Je suis actuellement à Lignières où se tient l’Université d’été d’Action française et, sans doute pris dans l’ambiance à la fois festive et studieuse de ce 54ème Camp Maxime Real del Sarte, j’y reste plus longtemps que prévu, au moins jusqu’à samedi midi, ce qui me permettra d’assister à la table ronde sur la Chouannerie réunissant Reynald Sécher (historien de la Vendée et de la Bretagne), Anne Bernet (spécialiste des guerres de Vendée), etc.

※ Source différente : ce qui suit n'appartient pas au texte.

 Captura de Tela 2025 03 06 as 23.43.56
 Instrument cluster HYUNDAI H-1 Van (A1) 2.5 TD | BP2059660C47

Cette Université politique regroupe cette année environ 70 personnes, principalement des étudiants et lycéens, et elle apparaît comme un microcosme de la France et de ses diversités provinciales comme sociales : ainsi, cela est fort sensible lors des repas qui sont l’occasion d’entendre des chants, non seulement en français bien sûr, mais aussi en breton, en provençal (la langue natale de Mistral et de Maurras) ou en nissard (le parler du comté de Nice). Après tout, cela illustre par le fait la fameuse citation de Maurras : « La France intégrale, c’est la France fédérale ». Et cette diversité linguistique m’apparaît comme heureuse, comme une véritable richesse culturelle qui n’empêche pas, bien au contraire, d’écouter et de comprendre les autres : la langue unique appauvrit l’esprit en limitant le mode d’appréhension au monde à une seule voie. J’en suis d’autant plus conscient que, plus jeune, j’étais totalement rétif aux langues étrangères et qu’il m’a fallu attendre de découvrir à la fois l’existence concrète des autres langues de France et l’intérêt de lire dans le texte certains écrivains allemands ou anglais, pour comprendre toute l’importance de cette diversité qui, par nature, empêche la « globalization » (comme le disent et l’écrivent les Anglo-saxons), c’est-à-dire l’arasement des différences et l’établissement « pour motifs économiques » d’une langue, donc d’une pensée, unique qui est, comme chacun le sait, celle de la thalassocratie commerçante états-unienne.
Cela étant, il me semble que toute langue n’a pas forcément « vocation à l’universel » : les langues provinciales françaises, qui sont des marques de l’enracinement dans une « matrie », et qui doivent vivre et si possible prospérer dans leur cadre territorial historique, n’ont pas la même fonction ni le même poids que la langue française, celle des rois de l’Ile-de-France au Moyen-âge, qui est devenue, par le fait et le Droit (l’édit de Villers-Cotterêts de 1539), la langue de l’administration politique, puis la langue commune des Français au XIXème siècle (la politique de francisation « gratuite, laïque et obligatoire » d’un Ferry, peu respectueuse des traditions et des parlers locaux pour cause de « République une et indivisible »
), et une langue de référence internationale au temps où l’Economique n’imposait pas encore ses propres choix au Politique
En tout cas, il est certain que si la langue française venait à se cantonner au seul territoire étatique français, elle serait condamnée, à plus ou moins long terme, à disparaître devant la pression conjuguée de l’anglo-saxon économique et des langues provinciales qui, elles-mêmes, seraient les victimes suivantes de la « langue unique globale »
Ainsi, défendre le français au plan international comme national, c’est défendre la possibilité d’un multilinguisme nécessaire autant pour la pensée et la discussion que pour l’enracinement des personnes qui ne sont pas que des individus interchangeables et « statistiques ».